In Windeseile ziehe ich Hose und Strickjacke an und hole meinen Puppenwagen.

Heinz steckt mir seine warme, weiche Hand entgegen. Und dann gehen wir zusammen auf die Terrasse.

Von der Küche aus ruft Heinz noch schnell nach Frieda. Ihre Schlafzimmertür ist immer noch verschlossen. Ob sie schon wach ist?

»Ich bin mit der Kleinen im Garten«, ruft Heinz ihr durch die Tür zu.

»Ja, gut. In einer halben Stunde gibt es Kaffee«, antwortet Frieda. Ihre Stimme klingt kein bisschen verschlafen. Sie hat bestimmt etwas gestrickt.

»Und für dich, Diana, habe ich eine Zitronenrolle gebacken«, meint sie dann noch.

Zitronenrolle! Oh ja, die mag ich ganz besonders gern.

»Du bekommst nichts davon ab«, necke ich Heinz, und der lacht jetzt fröhlich, malt mit seinen Händen einen dicken Bauch. »Na, dann siehst du aber bald so aus!«

Hoffentlich kommt Oma heute nicht so früh. Ich freue mich auf den Kuchen, aber auch auf die Arbeit im Garten. Ich will erst die Blumen umtopfen und danach Heinz fragen, ob er vielleicht mit mir noch auf den Kinderspielplatz geht. Da gibt es eine neue Schaukel. Meine Freundinnen im Kindergarten haben davon erzählt.
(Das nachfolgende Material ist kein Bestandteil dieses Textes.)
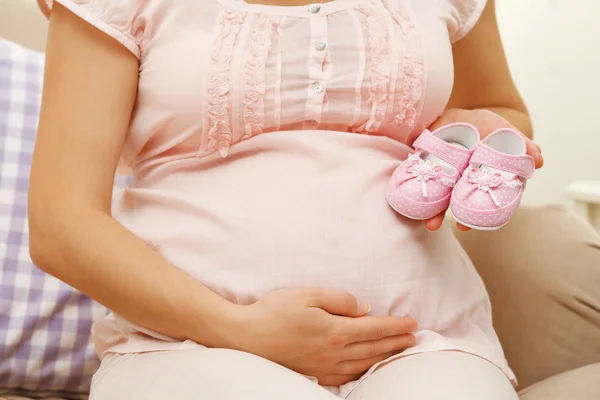 Mulher grávida feliz bonito no sofá aconchegante com botas de bebê no quarto, close-up — Fotografia de Stock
»Die probieren wir aus«, verspricht mir Heinz. Und was Heinz verspricht, das hält er auch. Als er mir den Stoffhasen versprochen hat, saß der ein paar Tage später plötzlich auf meinem Stuhl. Und wie von ihm angekündigt, habe ich auch das Spiel mit den Enten bekommen. Was Heinz sagt, das stimmt auch. Also gehen wir schaukeln.

Auf Heinz ist Verlass. Er ist mein bester Freund, und so verzeihe ich ihm bald, dass er mich festgehalten hat.